February 26, 2008

The End of the Database As We Know It?

Filed under: Software Blog — marcstober @ 10:44 pm

I found this paper interesting as it presents an academic view of something I’ve been noticing from a grassroots perspective: the database as we know it is losing relevance, and new technologies will emerge that will make business applications faster to run and faster to develop.
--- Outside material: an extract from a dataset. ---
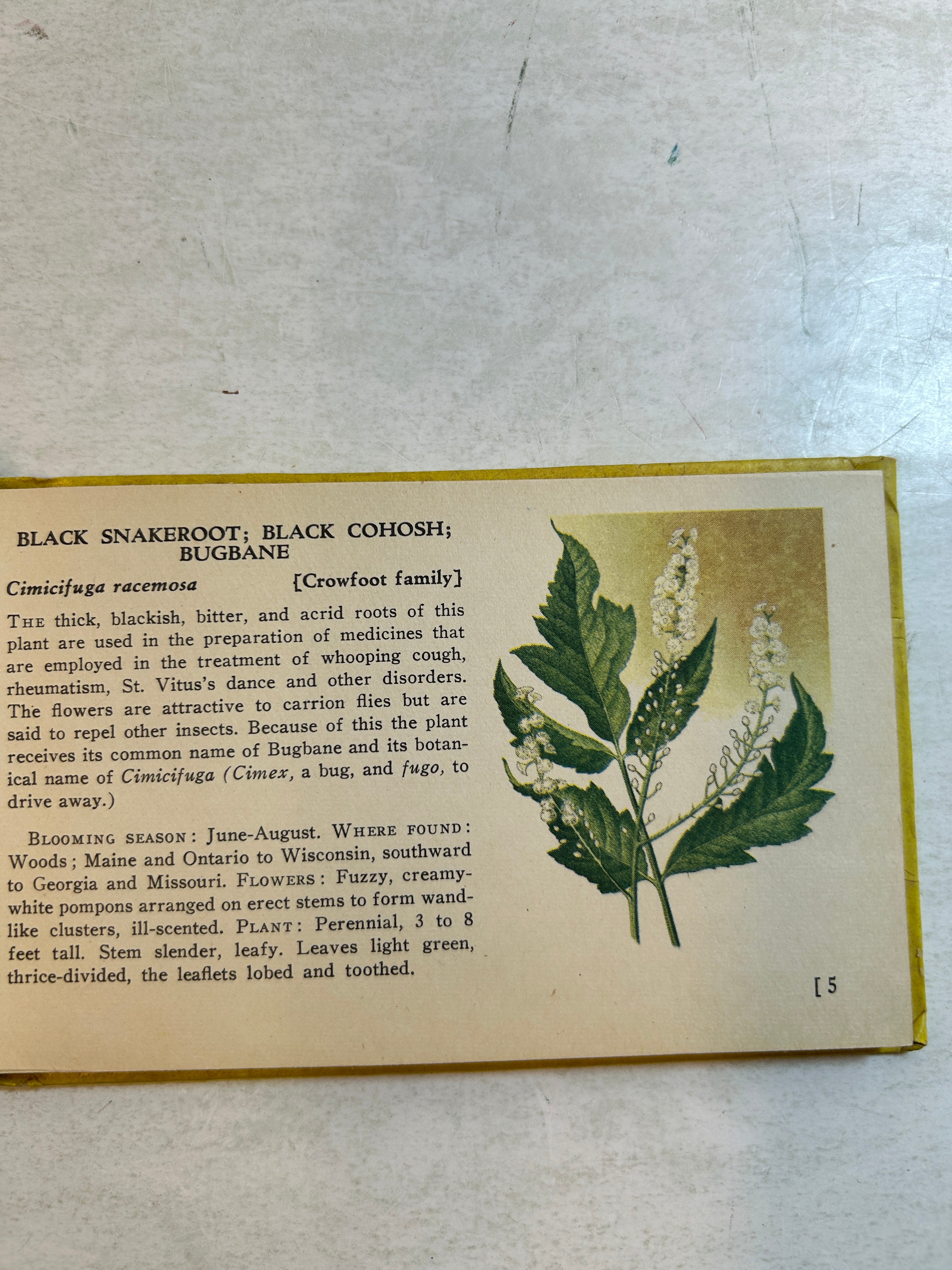 Lot of 5: Mini Guidebooks to Wildflowers and Birds 1931-45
Because of the graduate program I attended, one of the few computer science topics I know a lot about is relational database management systems (RDBMS), which underly most business applications today. In every job I’ve had, I’ve used an RDBMS, usually Microsoft SQL Server. Most developers don’t know fundamental RDBMS concepts; for example that you can’t just delete the log file when you run out of disk space, or what ACID properties are. As the paper points out, RDBMS’s are based on relational algebra and algorithms for managing disk files that haven’t changed since the 1970’s. Their use case is really a systems analyst entering SQL queries at a command prompt, which no one does any more. The fact that so few SQL (say “see-quell,” no one I know says “RDBMS”) users know these things is evidence of their irrelevance. No one decides SQL is the best type of database management system for their application; they choose it because it’s standard, you can find people and tools to support it, and does the job well enough.
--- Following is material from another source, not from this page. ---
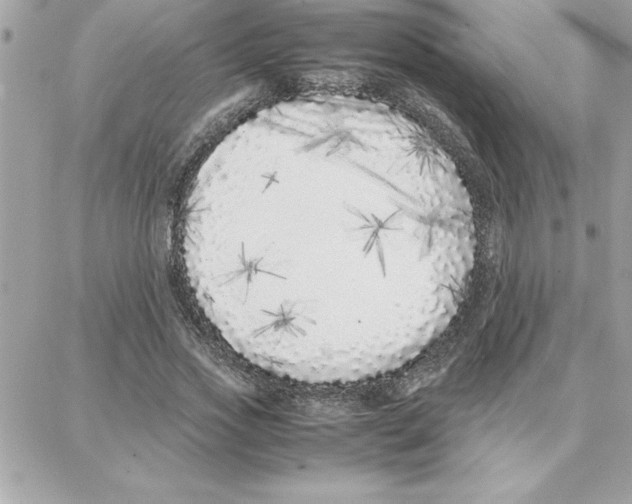 X0000087750733200706041101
I like one example the paper gives for a way to improve databases, which is to support a “constrained tree application” (CTA): an application that operates on a chunk of records from various tables that all relate back to one record from one table. For example, a customer and his various orders, order items, invoices, contacts, locations, etc. Every database I’ve worked on for the past 10 years, and for that matter almost every database everywhere, follows this pattern, but the RDBMS doesn’t provide any good features to support this. I’ve seen developers try to optimize this through various implementations, and spend a lot of time debating the right way to do it. We shouldn’t have to reinvent the wheel; the platform should take care of it. (This would also help minimize the differences between multitenant and single-tenant architecture, but that’s another debate.) I could come up with dozens of patterns that every application needs to reinvent when they store their data in a SQL database.
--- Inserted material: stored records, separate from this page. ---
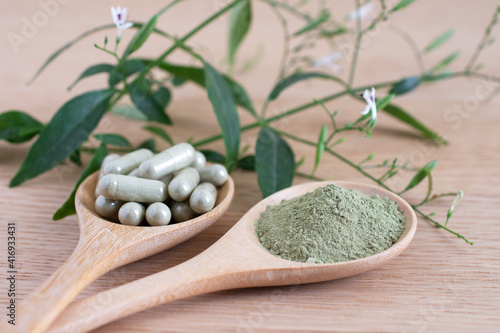 Andrographis powder and capsules on a wooden background, used for medical treatment,copy space.
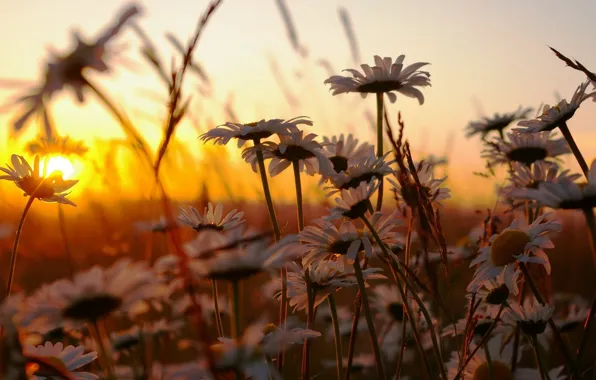 Picture grass, sunset, flowers, nature, chamomile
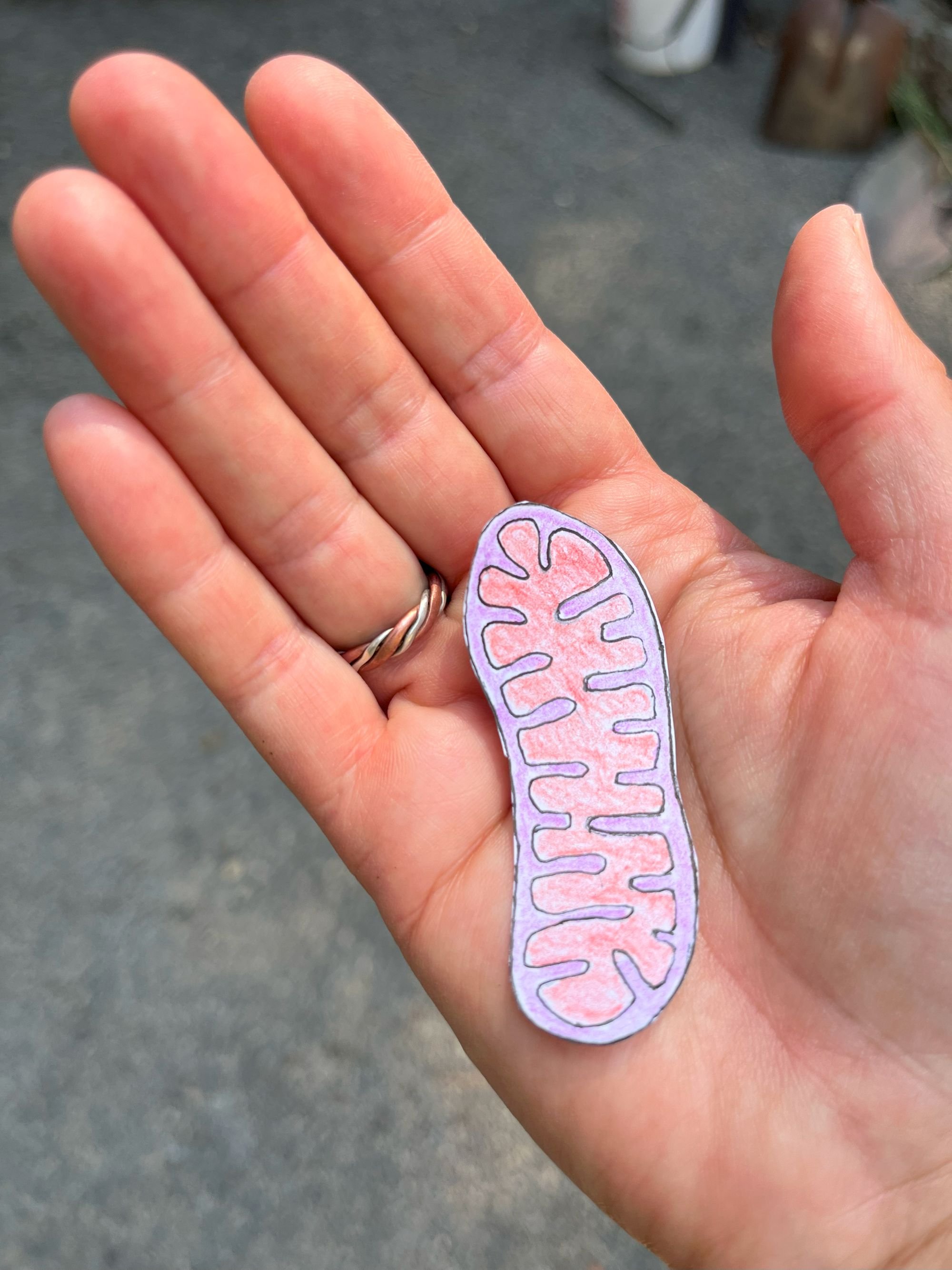What’s New With Mitochondria?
Actually, the RDBMS doesn’t have to disappear to be irrelevant, it can just be used wrongly, and this has already happened. An RDBMS is supposed to have a schema designed according rigorous rules of normalization, including constraints on and between tables to maintain data integrity. If you don’t do this—relying instead on a layer of code outside the database to enforce business rules—you have a set of indexed, multi-user tables, not a true relational database. Since SQL can’t enforce every business requirement anyway, it may make sense to build applications this way, and not try for a normalized data
model at all (although, as a classically-trained SQL developer, I’m not convinced this is the solution).

Right now I’m doing a lot of work in Intersystems’ Caché. While they call it a “post-relational” database, it has a lot of warts since it’s based on an even older, pre-relational, hierarchical database system developed in the 1960’s (not that much older than the first RDBMS, though) that’s been extended and evolved. Still, other object-oriented databases have come and gone over the years (sometimes under the buzzword “persistence”), and Caché stands as proof that the RDBMS is not the only feasible choice for business applications. There are newer alternatives emerging, at least to solve specific problems; for example, Microsoft’s Linq, or Ruby on Rails, which I’m hearing about everywhere now. If these technologies can do a better job solving problems, it could be a big change, indeed.